--- Source data Enclosed Below ---

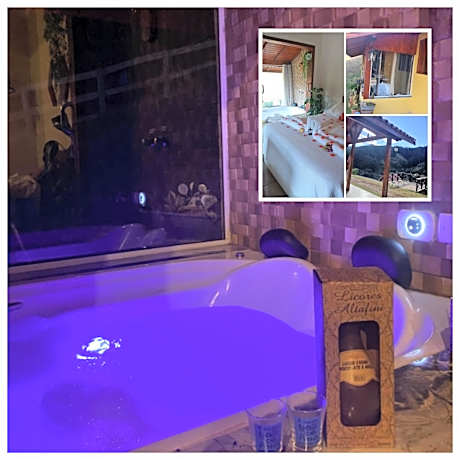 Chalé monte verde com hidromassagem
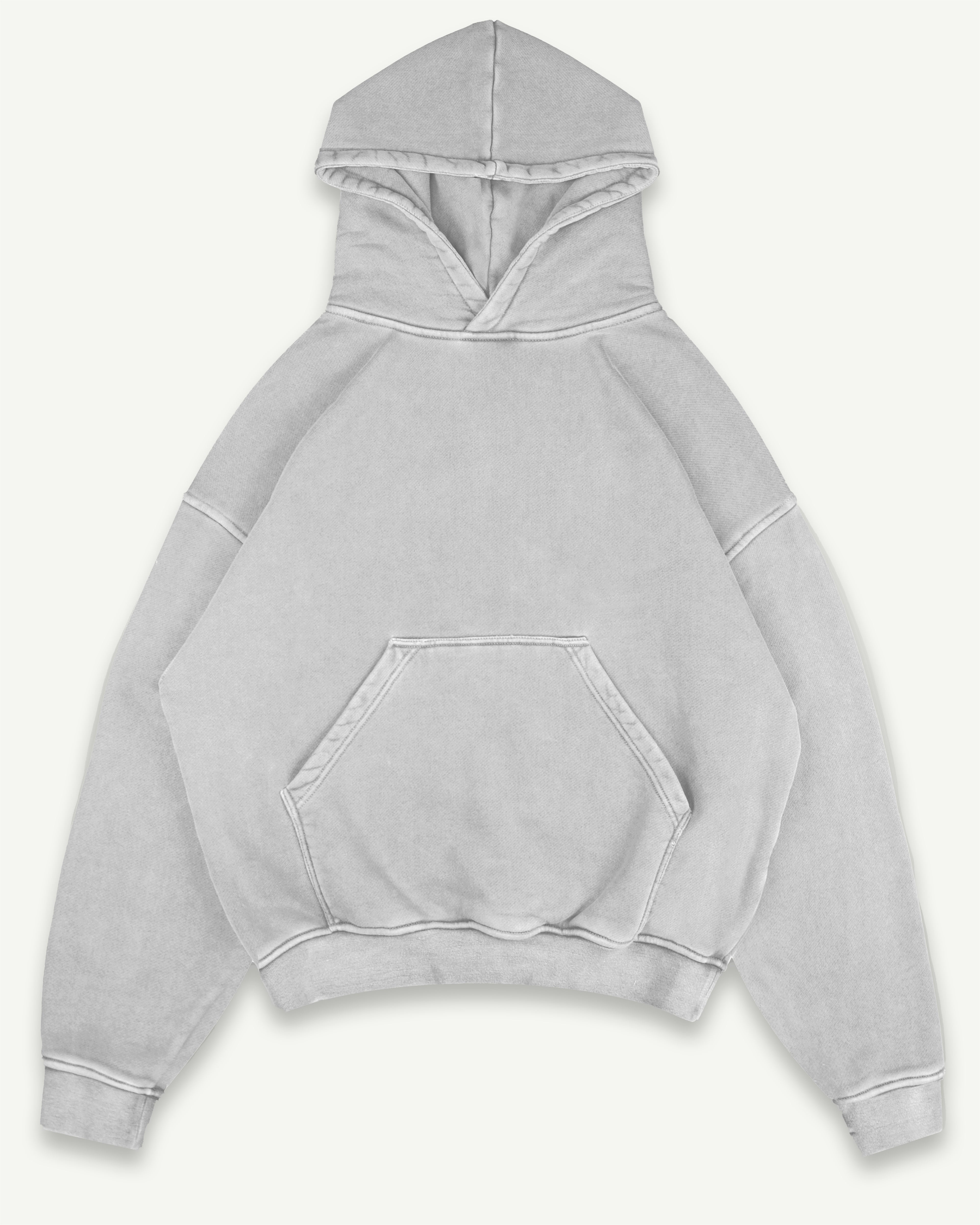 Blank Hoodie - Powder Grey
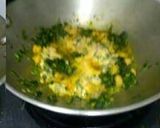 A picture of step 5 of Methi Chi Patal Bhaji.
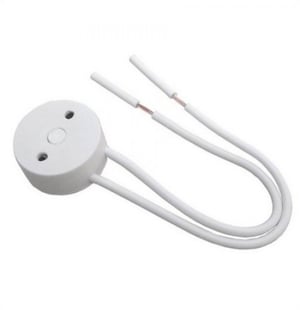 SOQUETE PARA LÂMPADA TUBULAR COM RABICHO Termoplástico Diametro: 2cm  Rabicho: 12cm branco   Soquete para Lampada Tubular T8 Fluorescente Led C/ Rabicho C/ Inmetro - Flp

--- End of Enclosed Source data ---

§ **Task prompt**:
The data should be printed again unchanged; leave its pictures out.

§ **Result below**:
 Chalé monte verde com hidromassagem
 Blank Hoodie - Powder Grey
 A picture of step 5 of Methi Chi Patal Bhaji.
 SOQUETE PARA LÂMPADA TUBULAR COM RABICHO Termoplástico Diametro: 2cm  Rabicho: 12cm branco   Soquete para Lampada Tubular T8 Fluorescente Led C/ Rabicho C/ Inmetro - Flp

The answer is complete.